What will be interesting is what additional elements and applications will be offered as we move forward.
One of the criticisms of Microsoft has been its ability to provide an appropriate service wrap and commercials that are attractive to service providers, so it will be interesting to see how this emerges.
At launch, Microsoft mentioned use cases for Voicemail, Global Interconnect, and Enterprise Voice but it’s clear many others will come.
Service providers will be considering their ability to compete and differentiate in the future. What elements of their services will they want to move to the cloud and what applications do they still want to manage and run internally, whether in the public or private cloud?
They will also be considering the key benefits of Microsoft, AWS, or Google partners in this process, as well as many of the traditional vendors who have been virtualising their own services like; Ribbon, AudioCodes, Oracle, Nokia, and Eriksson etc.
How will Azure for Operators impact the cloud communications industry?
It does appear that it will take some time for service providers to realise the value of deploying new services in Azure and for Microsoft to align its business to demonstrate clear value from Azure’s infrastructure, and possible integration into other Microsoft assets.

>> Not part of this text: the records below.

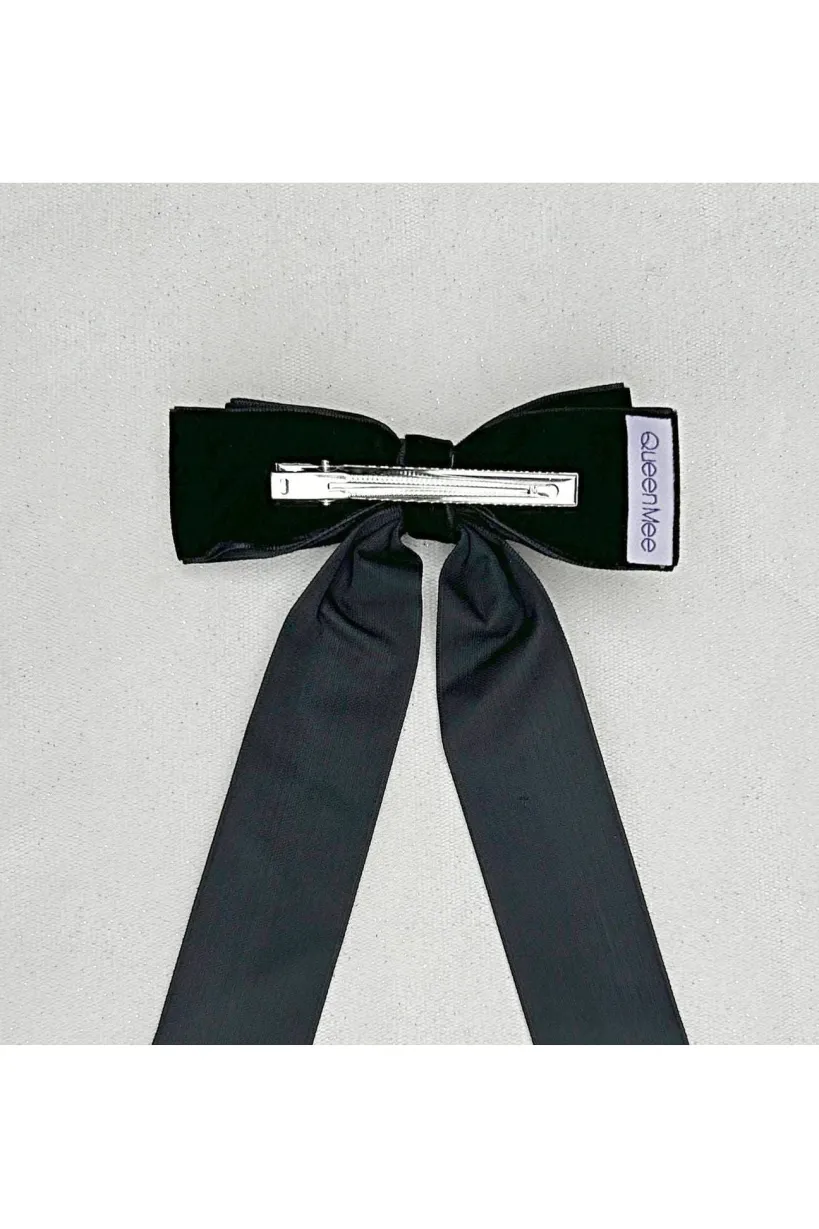 Black Velvet Hair Bow Hair Clip Alligator Clip by QueenMee Accessories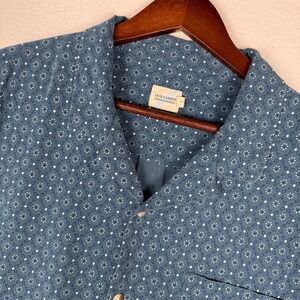 Fair Harbor Casablanca Camp Shirt Mens 2X Blue Geometric Floral Short Sleeve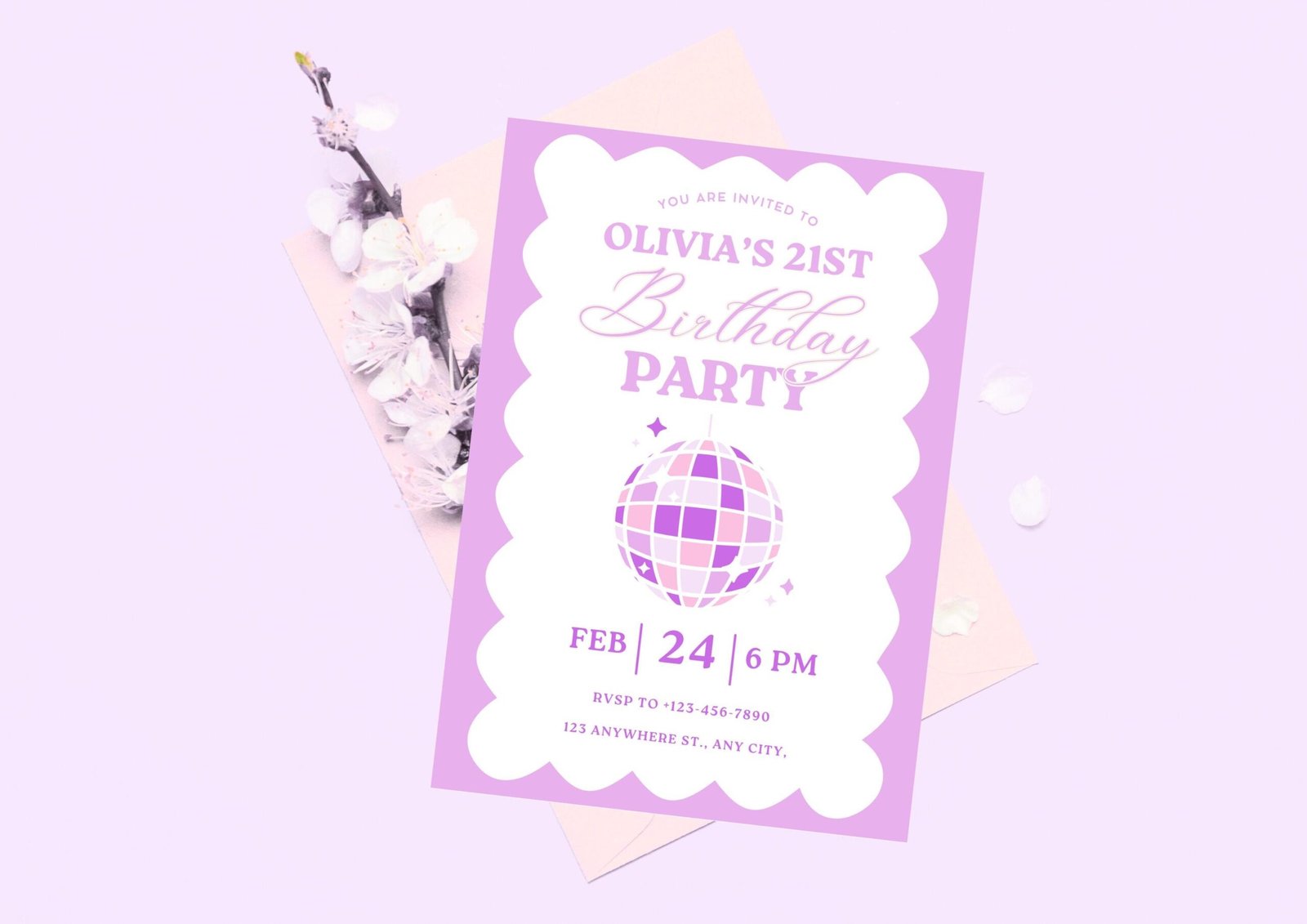 Disco Birthday Party Invitation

Azure for Operators could have an immediate impact on areas such as Global Voice Interconnect as the combination of Metaswitch and Azure’s global scale, impacts vendors and service providers in that field.
Interestingly, provision of voicemail was also shown as an initial use case. This is a product that causes service providers problems with supporting legacy services so cloudification in this area may provide compelling short term OPEX and CAPEX benefits.
As the service develops, Cavell Group will be looking at the commercial service models and any new use cases that show the benefit of integration with other Azure services before judging its overall impact. Be sure to follow our LinkedIn page for updates as they happen.
It is apparent immediately that some of the vendors and providers who are providing wholesale voice interconnect services are going to be affected.
What are the key considerations for service providers and operators?
Azure for Operators is currently a strategic affirmation and a new bundling of products together to highlight the services operators can receive from Microsoft.
There is a desire to build new product sets and integrate more of these products together – especially from the recent Affirmed Networks and Metaswitch acquisitions to build on the mutual capabilities.
Azure’s goal is to integrate as many workloads as it can under its banner. Operators are a key part of this as they include so many functions and systems under their banners.
Adoption of Azure for Operators could provide a mixed result.
Service providers and operators will lose traction in areas of development and technology that were seen as theirs traditionally, but arguably they were already struggling to keep pace in development with the latest technologies.
They will gain access to the large development teams working on new solutions hosted in Azure, both in-house at Microsoft from the Metaswitch and Affirmed Networks teams, but also from the broader Azure ecosystem.
End customers may also receive future benefits from further integrations with Azure, especially those customers using Microsoft 365 and Azure hosted solutions.
A final consideration will be the margin that service providers can generate currently and how that changes in this model.
Several service providers have depreciated assets in the delivery of certain services alongside the rising OPEX costs to support legacy environments.
This will be a crucial calculation when exploring the viability of Azure for Operators.